The year 2008 came to a close on Wednesday and I ushered in 2009 the same way I usher in every new day on the summits – changing our recording charts. While the rest of the crew was watching the ball drop, I waited upstairs counting down to midnight (as always) and then quickly switching out the old charts with new blank charts. In the back of my mind though, I looked at the Hays chart and could not help but think of a few metaphors for this particular night.

But before I run down on metaphors, a quick lesson on the Hays: The Hays chart is connected to our pitot-tube static anemometer (I am not going to discuss how this works since it has been talked about before. But if you would like more information, my coworker Brian has blogged about it here.).
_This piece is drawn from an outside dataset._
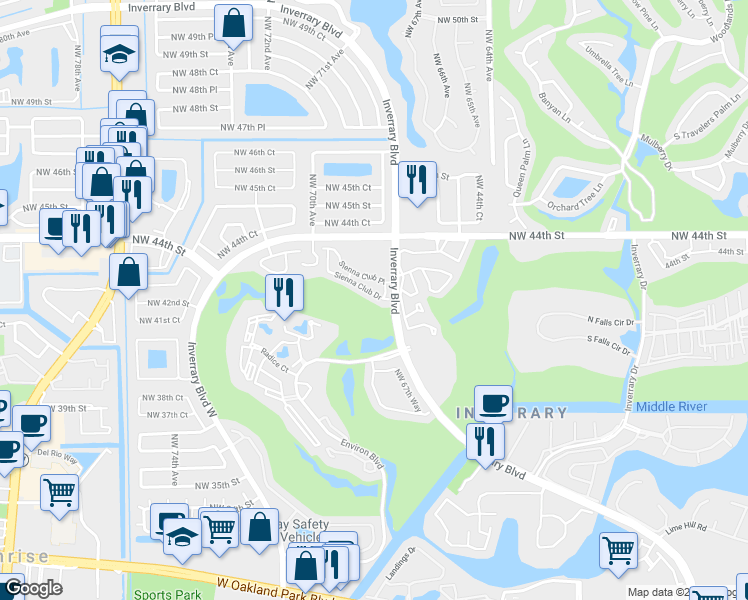 map of restaurants, bars, coffee shops, grocery stores, and more near 6726 Sienna Club Drive in Lauderhill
Through a series of tubing, the wind pressure pushes a needle back and forth on our Hays recorder to represent the activity of the wind. Like I tell our visitors, the thicker the red line is, the gusty the winds are and the further away the red line is from the center, the higher the wind speeds are. Although we still use this device as backup, most instrumentation is digitized now and days so the chart is more for show than anything else on most days.

So looking at the chart on December 31st, 2008, it is marked by highs and lows with varying amplitude. This could be related to life or to the past year. It might be the highs of graduation, the birth of a new child, getting promoted, winning the lottery, or buying your first house. The lows might be losing a dog or loved one, losing a job, being lost in the woods, or divorce. The amplitude (or thickness of the line) would be the frequency of which the good and the bad come at you. Sometimes it is narrow meaning it is a series of good or bad events. Other times, it is wide meaning the good and bad come at your in concession meaning one day might be good while the other is bad. Eventually these periods pass and things smooth out once again.

And then there is the change. For the Hays, it means putting on a blank chart for the day. This signifies a blank slate, a fresh start, and limitless possibilities. Would the first day of the new year be a calm day or a wild ride filled with tons of highs and lows? (It ended up being really windy). How about the rest of the year? As the clock hit midnight on the New Year, most people looked at the coming year with a blank slate, a fresh start and limitless possibilities. Would the economy pick up? Will I get promoted? Or will I stick to my resolution and visit the gym three days a week? The fact is we don’t know. What has occurred is done, recorded and stored. What is to come is waiting, unknown and still waiting to be written. Good day or bad, think to yourself when you wake up like I do when changing the chart, ‘What will today bring?’